BP: Okay, I’ll take that and Ramez, you can jump in on your examples.
BP: I guess one way to think about it is like when you are learning how to diagram sentences in elementary school. You draw these trees of a sentence and find here is the noun phrase and a noun phrase has a determiner like “the” and then it has a noun like “dog” and here is a verb phrase, and it might have a verb like “barks” and then what does it mean for the that word, bark is a verb and it has a “S” at the end and the way that it works, which we call morphology, that’s the present tense of that verb. And then the whole sentence is composed of those pieces, and so the meaning is built out of those. So you draw these diagrams when you are learning how to do it. And the kind of knowledge that’s in a natural language processing system like Powerset is using is sort of like that. Its basically extracting out both the surface structure, that kind of a tree structure of a sentence, and then its converting that into a series of different representation, ultimately into one which expressing that thing in fact. So it will basically say that there is a kind of activity here and it is a barking activity and the thing that is doing that activity, the subject of that activity, is a dog. Ok. So it is going from that sort of a surface structure of the language that you are seeing and converting it into a semantic factor representation. In addition, it is then able to draw on the individual meaning and relationships between words so if you saw that the sentence said “The poodle barks.” Then the system knows, if it can draw upon other knowledge about the relationship between words, as Powerset does, that poodles are a kind of dog. So if you as the user were able to say, “I want dogs barking” then it can actually then match the concept of dog to the concept of poodle and it is matching barking to barking and it is then doing this sort of semantic match for you which uses words you are not even using in your query and matching those against the document.

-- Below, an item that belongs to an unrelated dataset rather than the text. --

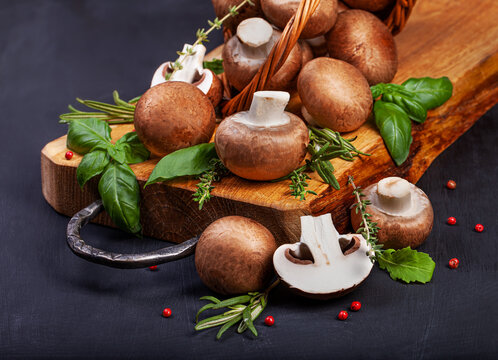 Fresh champignon mushrooms on dark wooden table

RN: I think everything that Barney said was right on. I think you see search engines including Live Search and also Google and Yahoo are starting to do more work on this matching not exactly what the user entered but it is usually limited to very simple things. So now all of us do some expansion of abbreviations or expansion of acronyms. If you type “NYC” in a search engine these days, in the last couple years, it understands that it means the same thing as New York. These are very very simple rules based things, and no one understands that bark has one meaning if it about a tree and a different meaning if it is about a dog. Or an example that someone gave the other day was the question of “was so and so framed.” And framed could mean a framed picture or it could mean set-up for criminal activity that did not occur, and so on. And you have to actually understand something of it is a person’s name then it applies to one sense of the word framed if it is not then it doesn’t. So one of the things that Powerset brings that is unique is the ability to apply their search technology to the query to the user’s search in ways that are beyond just the simple pluralization or adding an “-ing” is that Powerset also looks at the document, it looks at the words that are on a web page and this is actually very important. If you look at just the users query, what you have available to you to figure what they are talking about are three words four words five words, maybe even less. That can give you certain hints. If you look at a web page that has hundreds or thousands of words on it you have a lot more information you can use if you understand it linguistically to tell what its about, what kind of quieries it should match and what kind of quieries it shouldn’t match. And Powerset is fairly unique in applying this technology in the index on a fairly large scale already and with Microsoft’s investment and long term commitment we can scale this out even further, an apply it even more of the web, not just the wikipedia content they have thus far.
MA: Ramez how much work has Microsoft done in this area before today? Is it something that has been simmering, that you guys have been interested in, do you have a number of people on staff that are experts in this area, that have built technology around this? it would be interesting to know what you have done to date in this area.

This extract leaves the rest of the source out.